[TASK INSTRUCTIONS]: In the listing below, locate the line with "Immunohistochemistry of paraffin-embedded" and the line with "Tratamiento de cirugía", then output both and everything between them exactly, minus any pictures.

[ENTRIES PROVIDED]:
--- START ---
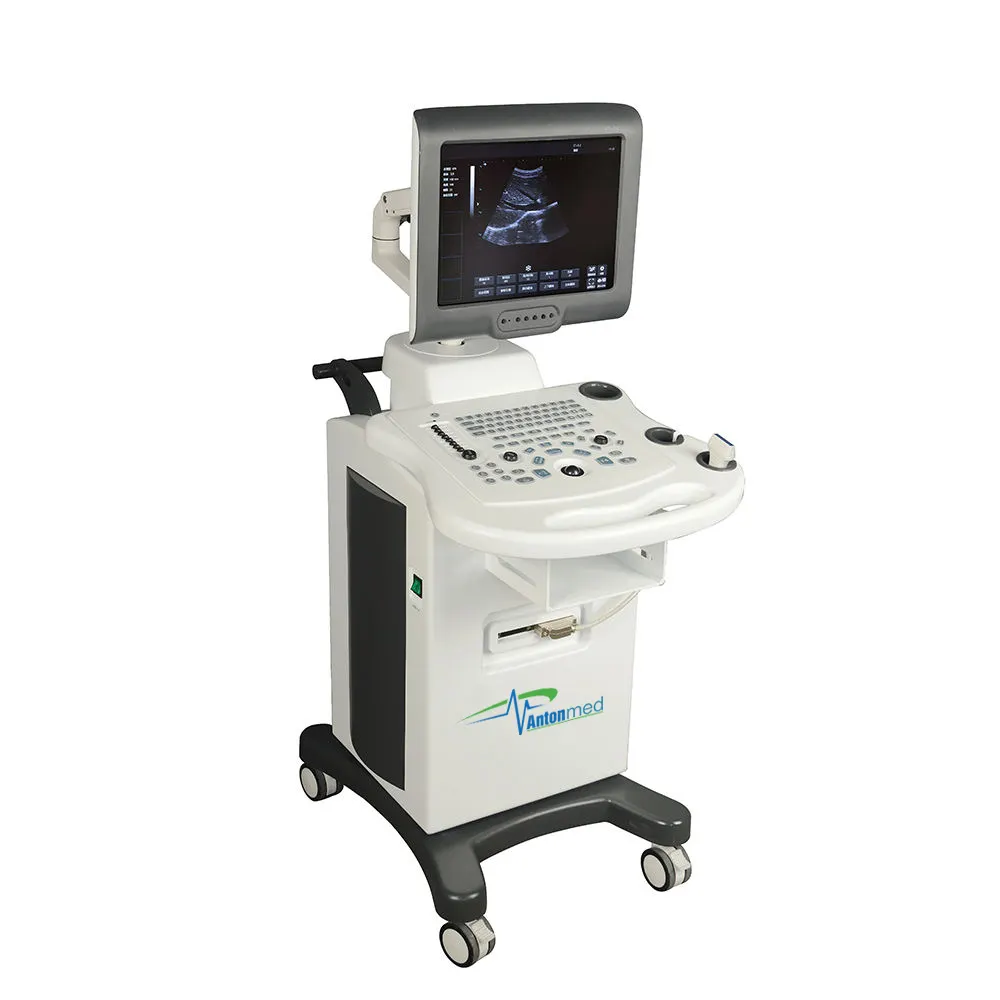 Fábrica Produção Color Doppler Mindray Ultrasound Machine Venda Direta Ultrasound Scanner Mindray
--- END ---
--- START ---
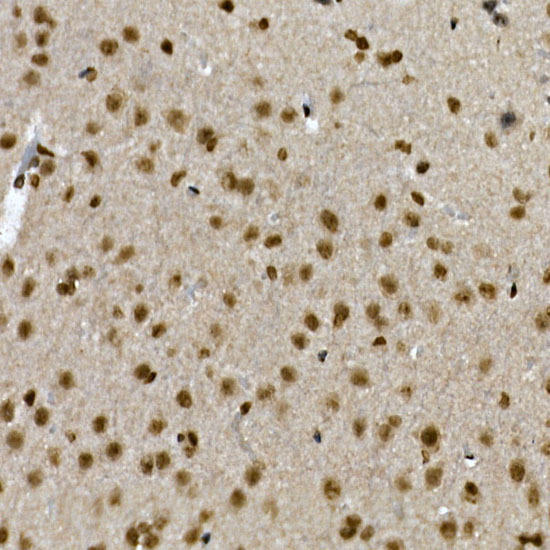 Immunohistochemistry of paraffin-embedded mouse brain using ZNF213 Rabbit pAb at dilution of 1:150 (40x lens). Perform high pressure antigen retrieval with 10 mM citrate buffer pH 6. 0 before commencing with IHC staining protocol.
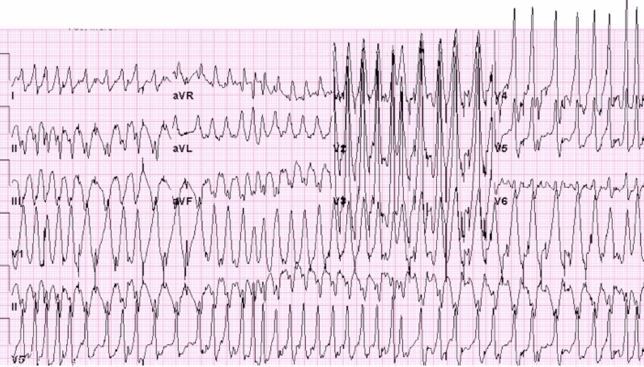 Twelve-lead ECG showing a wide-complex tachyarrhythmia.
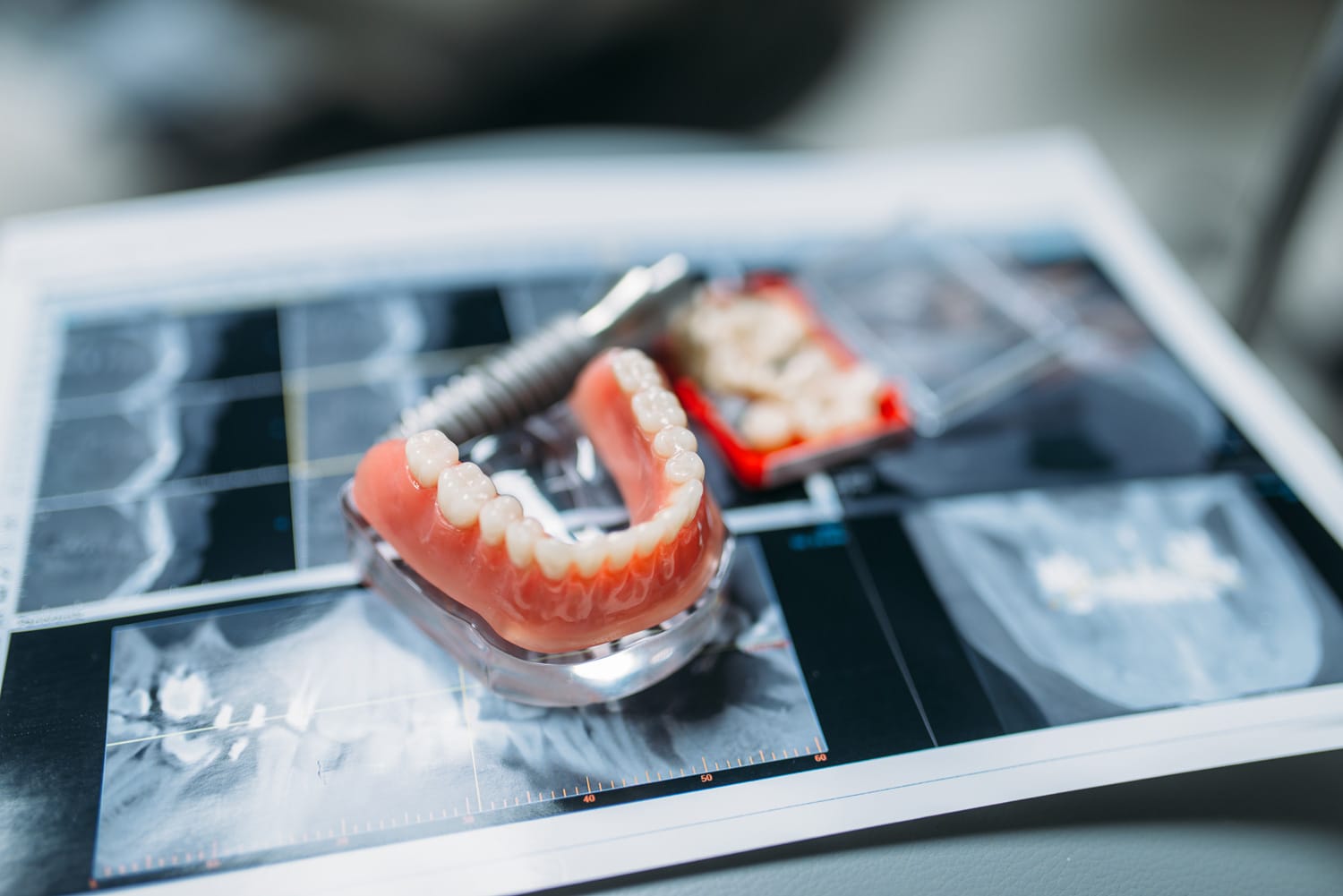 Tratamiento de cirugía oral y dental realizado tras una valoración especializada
--- END ---
--- START ---
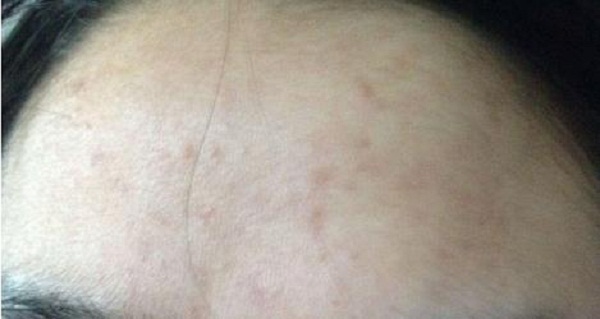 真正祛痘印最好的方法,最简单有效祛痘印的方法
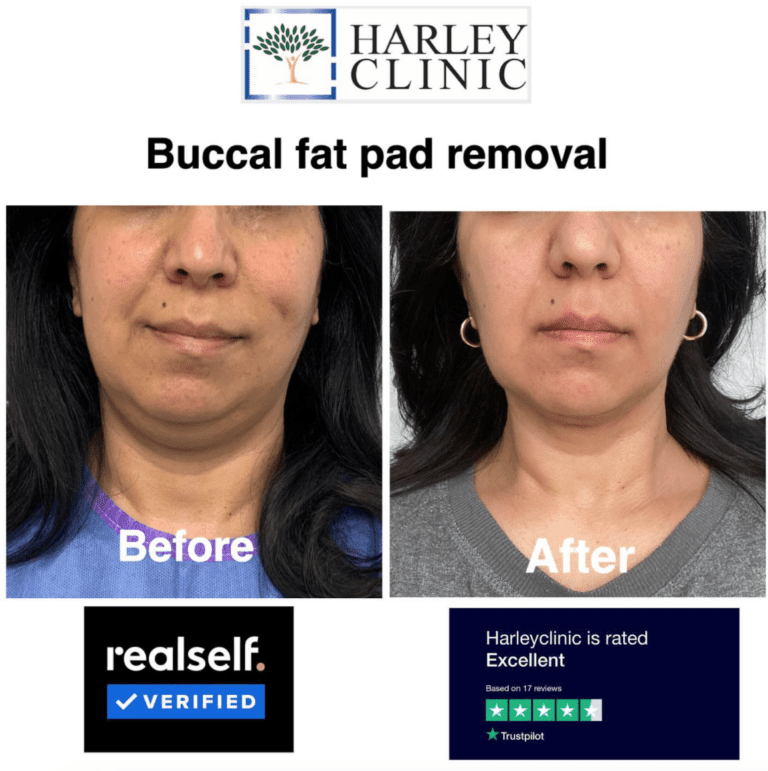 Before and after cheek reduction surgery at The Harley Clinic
--- END ---
[EXERCISE OUTPUT]:
 Immunohistochemistry of paraffin-embedded mouse brain using ZNF213 Rabbit pAb at dilution of 1:150 (40x lens). Perform high pressure antigen retrieval with 10 mM citrate buffer pH 6. 0 before commencing with IHC staining protocol.
 Twelve-lead ECG showing a wide-complex tachyarrhythmia.
 Tratamiento de cirugía oral y dental realizado tras una valoración especializada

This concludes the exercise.